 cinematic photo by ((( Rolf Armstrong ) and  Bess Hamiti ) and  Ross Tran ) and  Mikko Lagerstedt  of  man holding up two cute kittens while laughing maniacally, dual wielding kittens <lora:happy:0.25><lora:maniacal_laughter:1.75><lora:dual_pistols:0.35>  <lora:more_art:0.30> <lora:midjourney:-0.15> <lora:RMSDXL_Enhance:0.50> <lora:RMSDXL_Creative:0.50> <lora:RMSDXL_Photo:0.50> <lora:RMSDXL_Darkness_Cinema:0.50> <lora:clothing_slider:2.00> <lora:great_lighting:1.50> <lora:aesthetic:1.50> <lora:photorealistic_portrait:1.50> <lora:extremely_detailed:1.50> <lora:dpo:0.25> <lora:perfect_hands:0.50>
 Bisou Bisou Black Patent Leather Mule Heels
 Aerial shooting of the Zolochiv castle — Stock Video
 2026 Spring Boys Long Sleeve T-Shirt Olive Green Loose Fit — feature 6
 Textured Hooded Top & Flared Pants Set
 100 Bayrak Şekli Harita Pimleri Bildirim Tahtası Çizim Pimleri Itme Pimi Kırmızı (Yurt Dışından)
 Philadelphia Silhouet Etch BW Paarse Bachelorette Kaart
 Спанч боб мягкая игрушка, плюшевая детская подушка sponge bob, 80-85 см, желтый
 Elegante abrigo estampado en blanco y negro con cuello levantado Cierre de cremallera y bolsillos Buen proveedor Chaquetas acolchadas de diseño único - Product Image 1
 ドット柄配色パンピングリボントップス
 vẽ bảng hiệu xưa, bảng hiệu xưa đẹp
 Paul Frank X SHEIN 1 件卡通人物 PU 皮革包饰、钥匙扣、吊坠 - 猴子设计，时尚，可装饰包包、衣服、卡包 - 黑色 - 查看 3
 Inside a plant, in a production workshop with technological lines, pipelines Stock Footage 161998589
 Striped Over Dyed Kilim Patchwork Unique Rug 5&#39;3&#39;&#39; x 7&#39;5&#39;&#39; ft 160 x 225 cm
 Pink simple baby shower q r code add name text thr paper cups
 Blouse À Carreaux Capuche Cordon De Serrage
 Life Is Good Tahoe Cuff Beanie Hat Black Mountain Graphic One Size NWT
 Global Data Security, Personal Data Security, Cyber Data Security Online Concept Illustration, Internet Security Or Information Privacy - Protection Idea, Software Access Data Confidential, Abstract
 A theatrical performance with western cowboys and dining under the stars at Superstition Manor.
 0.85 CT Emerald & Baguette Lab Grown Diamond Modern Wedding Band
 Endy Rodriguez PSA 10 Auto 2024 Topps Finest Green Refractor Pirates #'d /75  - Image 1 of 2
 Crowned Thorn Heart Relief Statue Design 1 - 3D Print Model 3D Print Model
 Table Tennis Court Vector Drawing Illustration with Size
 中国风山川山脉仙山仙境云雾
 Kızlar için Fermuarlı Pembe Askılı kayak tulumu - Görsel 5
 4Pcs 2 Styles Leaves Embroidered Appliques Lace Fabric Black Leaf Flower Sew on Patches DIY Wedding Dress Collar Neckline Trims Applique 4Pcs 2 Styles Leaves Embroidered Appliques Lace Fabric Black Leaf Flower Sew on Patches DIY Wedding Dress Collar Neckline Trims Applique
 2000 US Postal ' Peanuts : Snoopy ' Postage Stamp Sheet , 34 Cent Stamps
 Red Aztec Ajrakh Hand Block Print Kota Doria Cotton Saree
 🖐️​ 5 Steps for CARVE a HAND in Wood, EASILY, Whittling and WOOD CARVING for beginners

--------

Work request: Where does the word "Size" appear in the material above? Copy every line that holds it.

Solution below:
 Life Is Good Tahoe Cuff Beanie Hat Black Mountain Graphic One Size NWT
 Table Tennis Court Vector Drawing Illustration with Size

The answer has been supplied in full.